CS21 Lab8: Spell Checker

Due 11:59pm Tuesday, March 30

For this program you may work with one partner (you may not work in groups larger than two).

If you work with a partner:

The best way to work with a partner is to work together in the lab on all parts of the program together. You can work together on a copy of the code in one partner's cs21/labs/08 subdirectory and then email the file as an attachment to the other partner so that he/she can save a copy of your joint solution in his/her cs21/labs/08/ subdirectory too.

Run update21, if you haven't already, to create the cs21/labs/08 directory. Then cd into your cs21/labs/08 directory and create the python programs for lab 08 in this directory (handin21 looks for your lab 08 assignments in your cs21/labs/08 directory):

$ update21

$ cd cs21/labs/08
$ vim spellchecker.py
With the labs/08/ directory we are giving you an example ignorefile and document file you can use to test your program. You should test your program on other documents and ignore files as well.

As you create your own documents and ignore files for testing, make sure that there is a blank line at the very end.

Overview

For this assignment you will implement an automated spell checking program that uses both searching and sorting. You should continue to practice using top-down design, and focus on breaking up the problem into appropriate functions. Also be sure to test your program incrementally.

You will use a dictionary of words that is available in a file on our system to determine whether each word in the document is a valid word. However, some valid words like Swarthmore will not appear in this dictionary. Therefore you will need another file of words, created by you, that should also be considered correct.

The goal of your program is to report all misspelled words found in the document. For example, suppose you had the following document called letter:

Dear Sam,

How are you?  I'm fine, but I mis seeing you more oftn.  
Hope allis well with your family, especialy your brother. 
I'll be stoping by next Satuday when I get home from 
Swarthmore.  Love, Alice
And suppose that you have a file named ignore with the following contents (Alice and Sam are in the system dictionary file):
Swarthmore
WWW

Running the spell checker on this document should result in the following interaction with the user:
Enter filename of document to spell check: letter
Enter filename of list of words to ignore: ignore

The following errors were found by the spell checker:
mis
oftn
allis
especialy
stoping
Satuday

1. Looking up words in the standard dictionary

Focus initially on checking whether the words in the document are found in the standard dictionary.

Some notes on File I/O in Python

Implement and test this functionality before moving on to the next step.

2. Handling the words in the ignore file

Once you have the basic spell checking functionality implemented from above, you can add the ability to ignore other words not found in the dictionary.

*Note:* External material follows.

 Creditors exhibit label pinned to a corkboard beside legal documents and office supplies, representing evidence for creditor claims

Many spell checking programs use this ignore list idea. The ignore list often contains proper nouns (e.g. Chopp), well known acronyms (e.g. WWW) that do not appear in a dictionary, but are also not misspellings.

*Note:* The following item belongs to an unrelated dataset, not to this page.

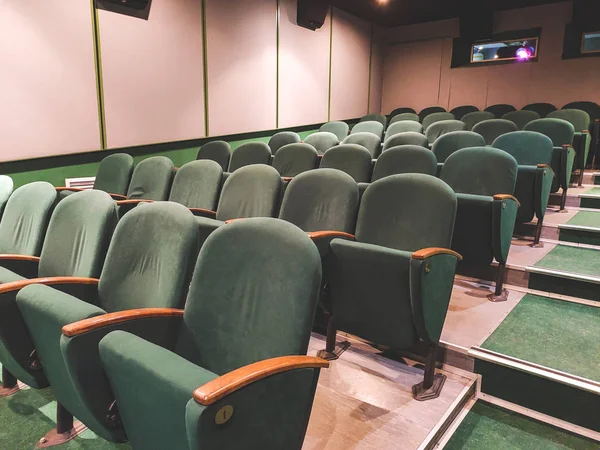 Empty old movie theater. Green armchairs. Waiting for visitors.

With the lab starting point code is an example ignore file that you can add entries to. Just be sure to keep in the line break after the very last line in this file (just add new words in the middle to avoid making this change).


Requirements
  1. You should use Top-Down-Design in designing your program. Your main function should be short, containing calls to high-level functions that implement different parts of the larger program. Think about writing good generic functions that you can use in multiple places in your program.
  2. You must use Binary Search (don't use linear search)
  3. You must implement Bubble Sort (don't use another sorting algorithm)

Sample Output
This is sample output from the example document and ingorefile you grabbed with update21. Note:The first example is just the Part 1 solution, the second example is the full solution (both Parts 1 and 2).

The sample output is using the document and ignorefiles that you got with update21.

Part 1 Output:

$ python spellchecker.py

Enter filename of document to spell check: document

The following errors were found by the spell checker:

Swarthmore
WWW
Swarthmore's
students'
department:
Danner
Horner
Kelemen
Knerr
Lia
Meeden
Newhall
Rothera
Turnbull
Wicentowski

Part 2 Output:

$ python spellchecker.py

Enter filename of document to spell check: document
Enter filename of list of words to ignore: ignorefile

The following errors were found by the spell checker:

Swarthmore's
students'
department:
Lia

Optional Extenstions

Note:These are not required parts of the assignment.

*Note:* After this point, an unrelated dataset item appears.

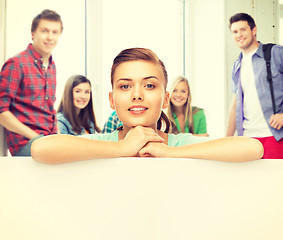 Image showing woman with white blank board at school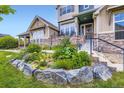 Inviting home with colorful flowers and landscaping in a well-kept front yard at 529 Gallegos Cir, Erie, CO 80516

Once you have the full functionality implemented and tested. You can try adding some additional features. Here are some suggestions:

  1. Change your program so that it only lists a misspelled word one time, rather than once per misspelled occurrence in the document.
  2. Handle words inside quotes and parentheses (i.e. "dogs" and (dogs) should be considered correctly spelled words.
  3. Ignore non-alphabetic collections of characters, like numbers.

These features should not be added by using the ignore file, but should be added to the spell checking functionality.

A good test case for these changes is something like the following that contains quotes, numbers, and parens:

Barak Obama said today, "I'm pleased with the passage of the Health
Care bill."  After 8 months of negotiations (which were sometimes
quite heated), the bill is a reality.
With the above features added, your program should indicate that this document has no misspelled words.
Submit

Once you are satisfied with your program, hand it in by typing handin21 in a terminal window.